The research, now on bioRxiv, hasn’t yet been peer reviewed, but using the original zebrafish and mouse data, Noble found that the messenger RNA active after death isn’t like the rest of the messenger RNA in cells. About 99 percent of the RNA transcripts floating around in cells degrade rapidly when the organism dies, Noble says. The remaining 1 percent have something special: certain patterns of individual nucleotides that bind to molecules that regulate messenger RNA after transcription. This appears to be a large part of what keeps things going after death.

Pozhitkov and Noble argue that this mechanism could be part of how cells react to a situation that the organism theoretically could come back from, like a near-drowning. Cells might essentially try to “open all the valves” in their death throes, he says, allowing certain stress-related genes, such as ones that respond to inflammation, to express themselves.

It’s like an astronaut in deep space who gets silence on the radio and frantically beams signals home, unaware that a nuclear holocaust has wiped Earth out.

For Ellis, this kind of finding is a side effect of processes that might be interesting during life but are a mere simulacrum in death. Yet Ferreira sees practical implications. Some genetic research is done on tissue samples that have been removed from a body. It’s important to know how transcription changes after death so the results don’t get skewed by cells’ final distress calls.

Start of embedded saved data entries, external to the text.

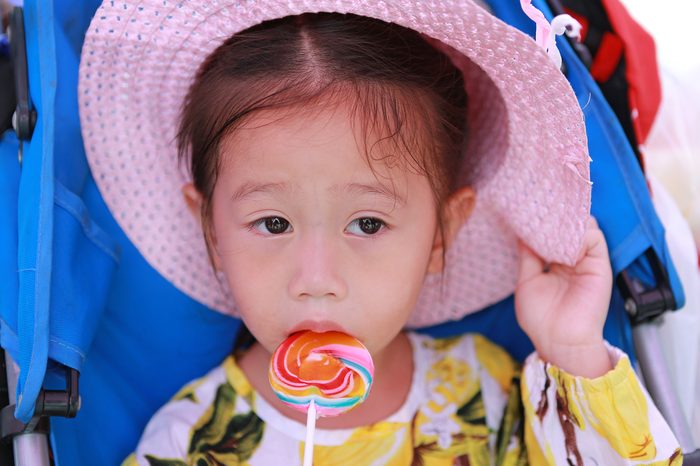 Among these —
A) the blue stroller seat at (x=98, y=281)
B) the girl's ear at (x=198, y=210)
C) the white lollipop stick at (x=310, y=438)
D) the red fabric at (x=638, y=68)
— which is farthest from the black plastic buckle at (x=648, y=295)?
the girl's ear at (x=198, y=210)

Ferreira and his team were also able to pinpoint the time of death of an individual based solely on the postmortem changes in the gene expression. In theory that could be handy in, say, a murder investigation. But Ferreira’s group had the advantage of knowing that their tissue samples were taken and stored using state-of-the-art methods from donors without certain medical conditions. In real life, factors ranging from the pre-existing conditions of the corpse to the temperature of the surrounding environment to the time lapsed before sampling could all affect the RNA timeline, Ferreira says. In other words, the technique is far from ready for the justice system.

Noble and Pozhitkov have other practical considerations in mind. Organs taken from donors for transplantation spend at least some time outside the body, and their RNA may start sending out the same sort of distress signals seen in death. It’s possible that this could have long-term health consequences for the transplant recipient, Pozhitkov says. After all, transplant recipients have a higher rate of cancer than the general population. Perhaps it’s not, as commonly believed, primarily from the immune-suppressing drugs they take, but rather because of “the postmortem process in the organ,” he says.

This is all speculative, though transplant researchers are exploring whether to keep organs warm on life support instead of chilled in coolers to improve transplant outcomes. It’s not clear the extent to which RNA transcription explains any of the benefits of warm transplants.

For now, however, research on the cellular afterlife is itself on life support. Noble is looking for a new academic appointment after leaving his last job at the University of Alabama. Pozhitkov’s funding at the City of Hope center is for unrelated projects. Still, both are firm that their findings shouldn’t be relegated to the bin of quirky science. Both want to revive the work.